Problem: When a picture appears among the records, leave it out, and copy all else exactly.
※ ※ ※
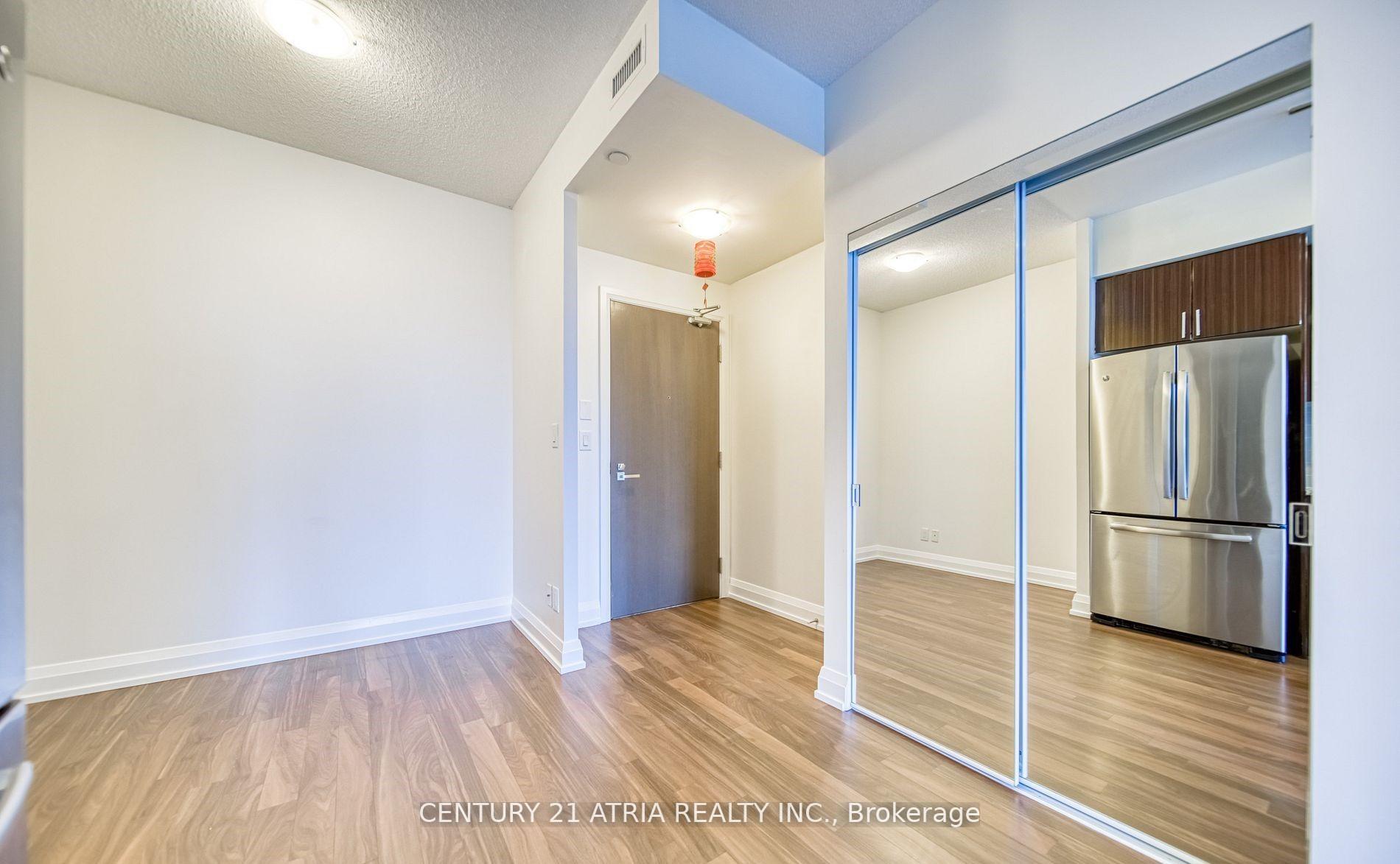 Photo 4 of Unit 2706, 7171 Yonge Street, Markham, Grandview — HOMEH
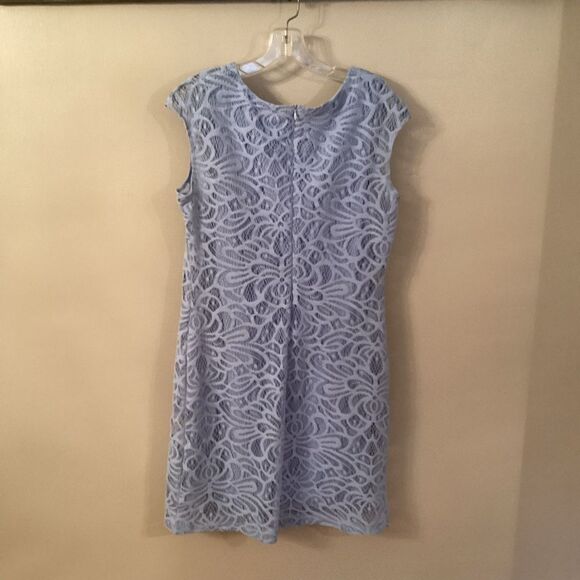 MIRACLESUIT EVERYDAY SHAPEWEAR SIZE 8 LIGHT BLUE CROCHET LACE SLEEVELESS DRESS - Picture 3 of 6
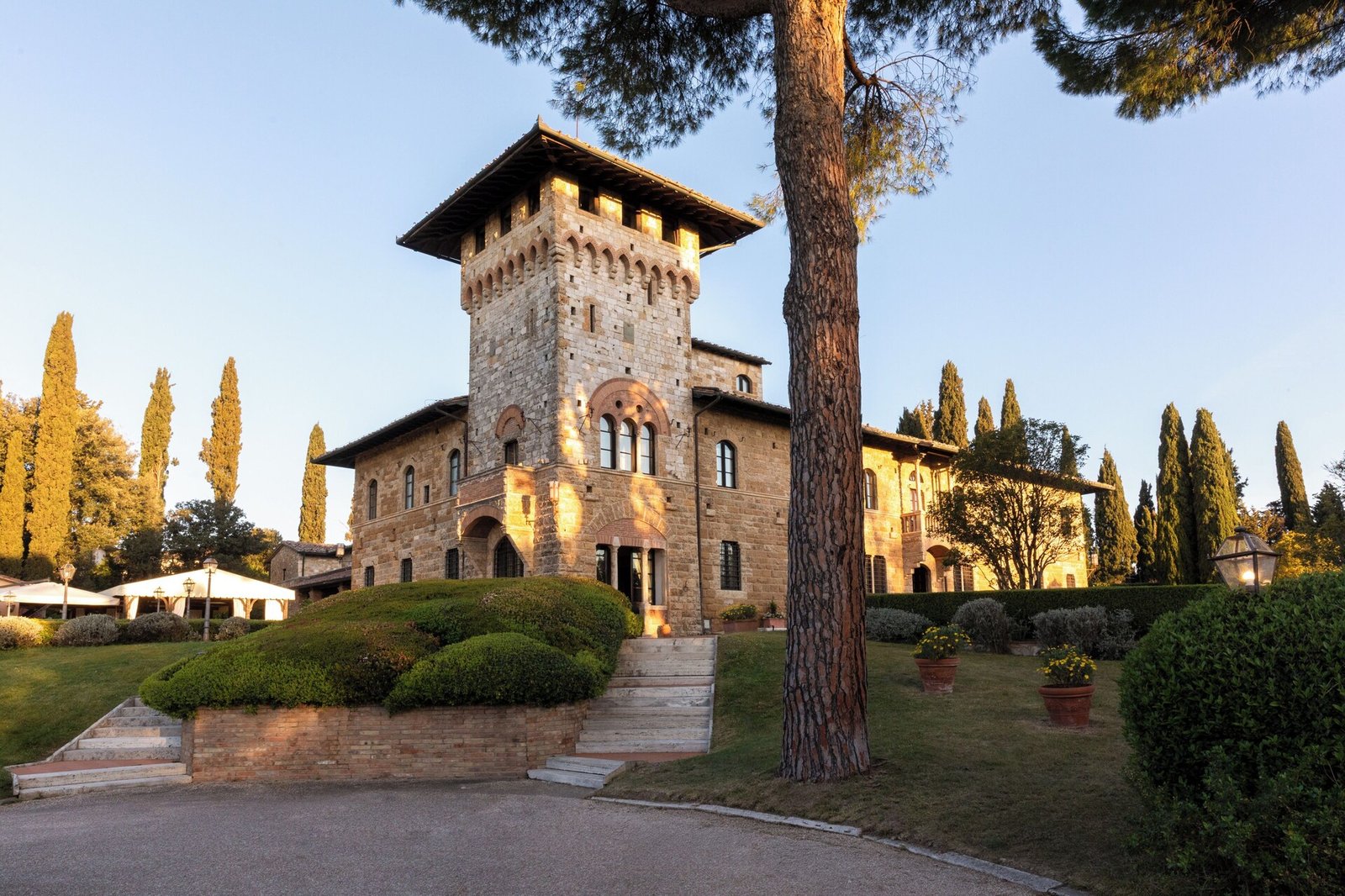 Hotel La Collegiata, how it began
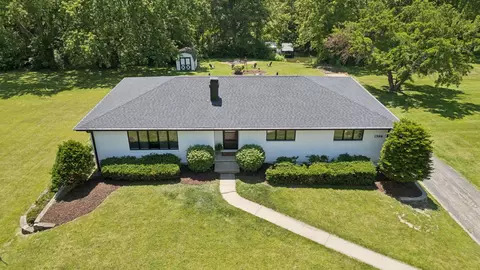 1598 Lake Holiday Dr, Lake Holiday, IL 60548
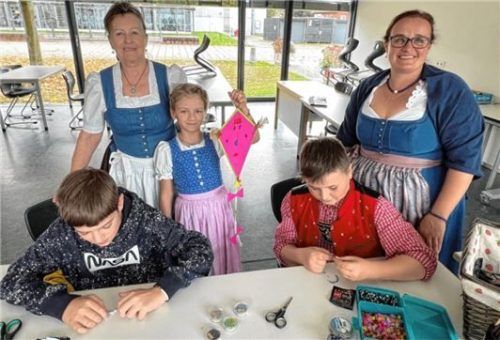 Zum Basteln luden ein: (von links) Martin Sedlbauer, Annelies Weinzierl sowie Sarah, Brian und Claudia Beutl.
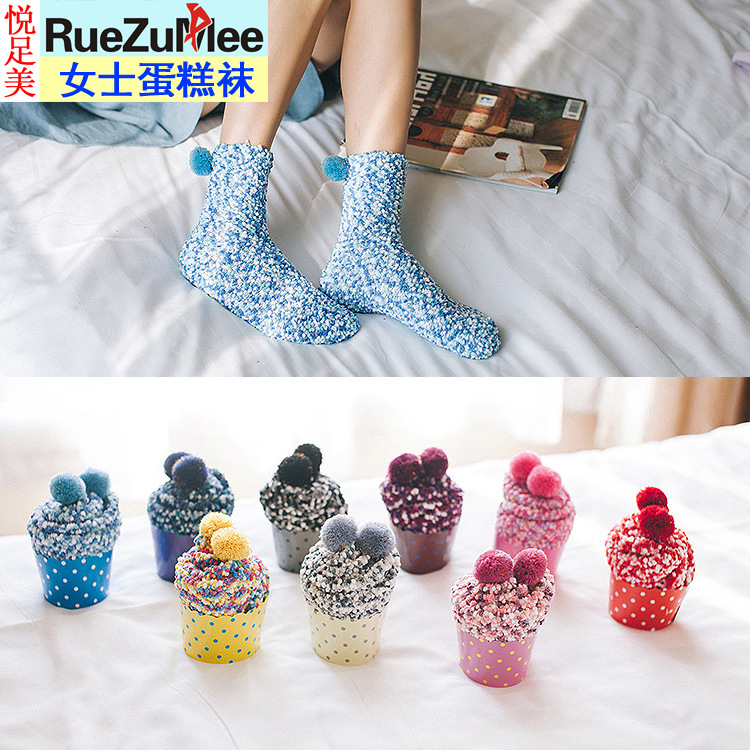 Manufactor wholesale lady Cake socks Coral Cake Floor socks Chrysanthemum sleep Socks cake socks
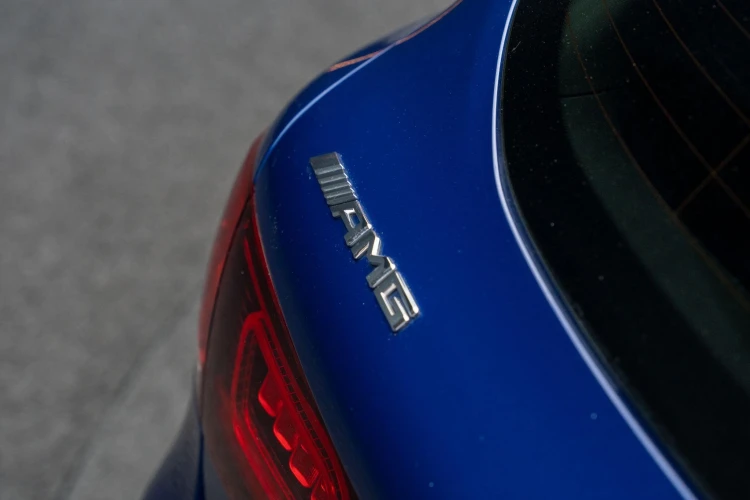 Vehicle Image 35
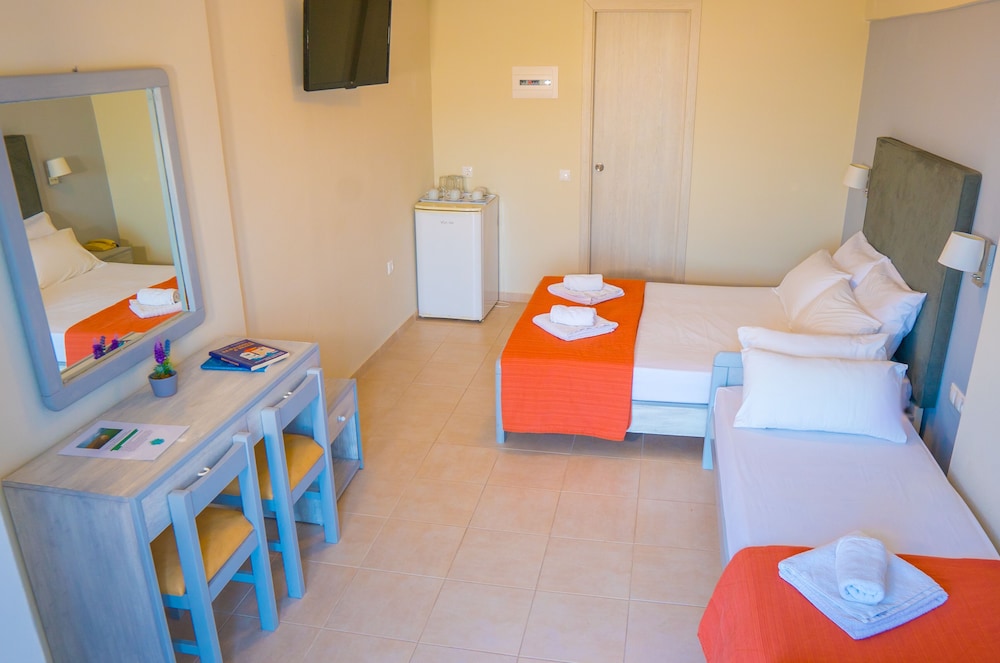 Palatino Hotel — Hotel rooms in Lixouri, Ionian Islands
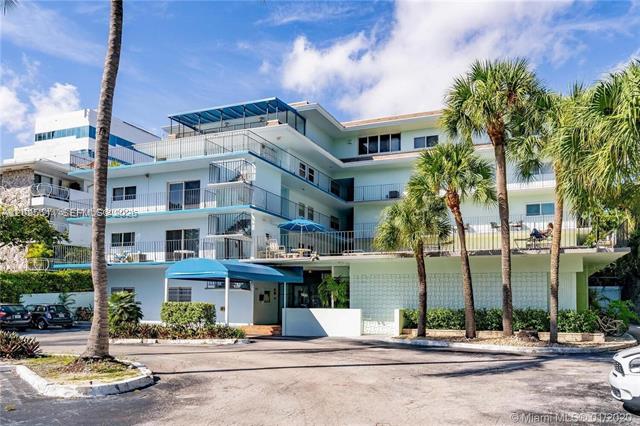 Renovated Coconut Grove Condo With Patio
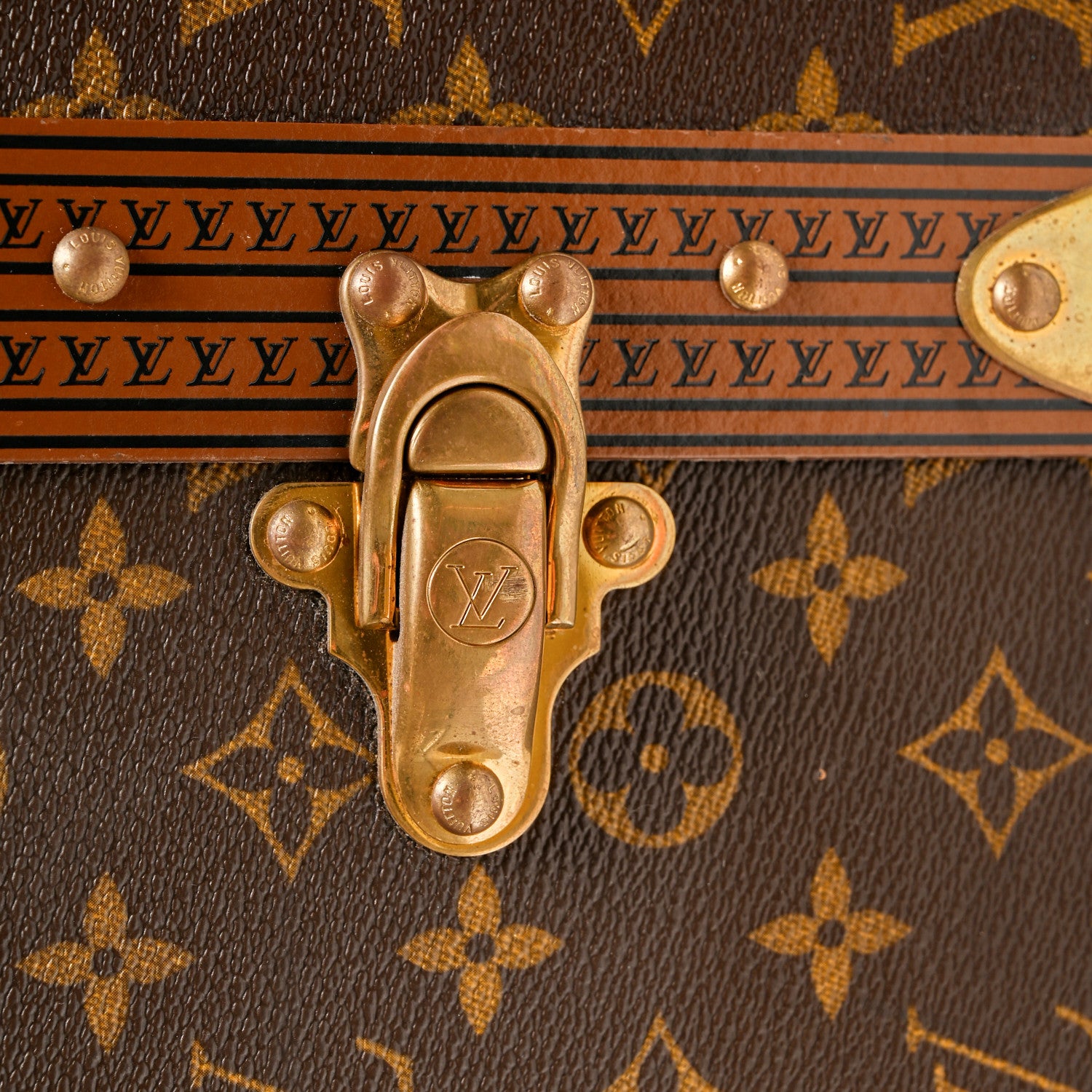 Louis Vuitton Monogram Wardrobe 85 Casier Trunk 16 of 41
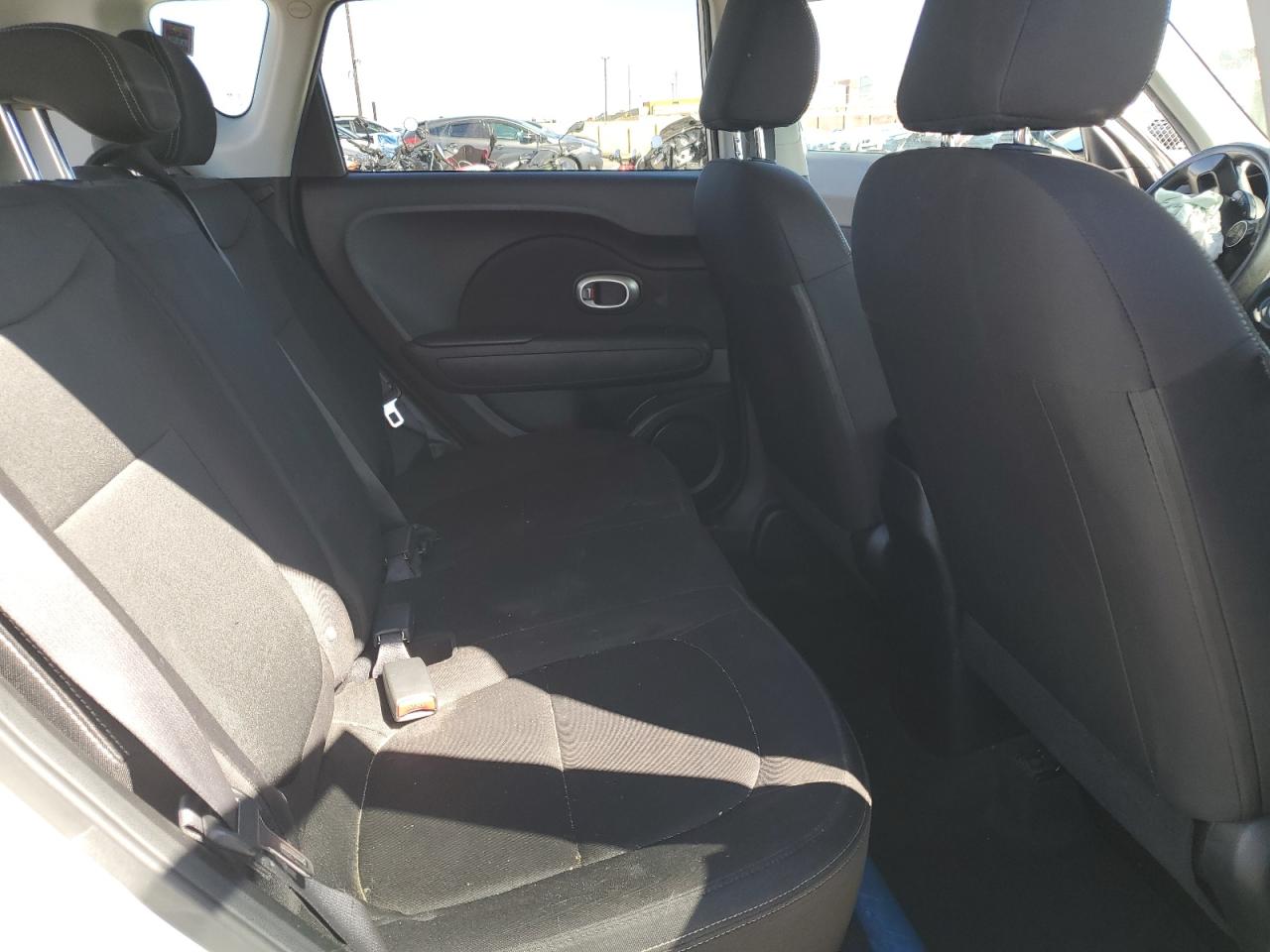 2016 Kia Soul VIN: KNDJN2A21G7328384 Lot: 81467725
※ ※ ※
Answer box:
 Photo 4 of Unit 2706, 7171 Yonge Street, Markham, Grandview — HOMEH
 MIRACLESUIT EVERYDAY SHAPEWEAR SIZE 8 LIGHT BLUE CROCHET LACE SLEEVELESS DRESS - Picture 3 of 6
 Hotel La Collegiata, how it began
 1598 Lake Holiday Dr, Lake Holiday, IL 60548
 Zum Basteln luden ein: (von links) Martin Sedlbauer, Annelies Weinzierl sowie Sarah, Brian und Claudia Beutl.
 Manufactor wholesale lady Cake socks Coral Cake Floor socks Chrysanthemum sleep Socks cake socks
 Vehicle Image 35
 Palatino Hotel — Hotel rooms in Lixouri, Ionian Islands
 Renovated Coconut Grove Condo With Patio
 Louis Vuitton Monogram Wardrobe 85 Casier Trunk 16 of 41
 2016 Kia Soul VIN: KNDJN2A21G7328384 Lot: 81467725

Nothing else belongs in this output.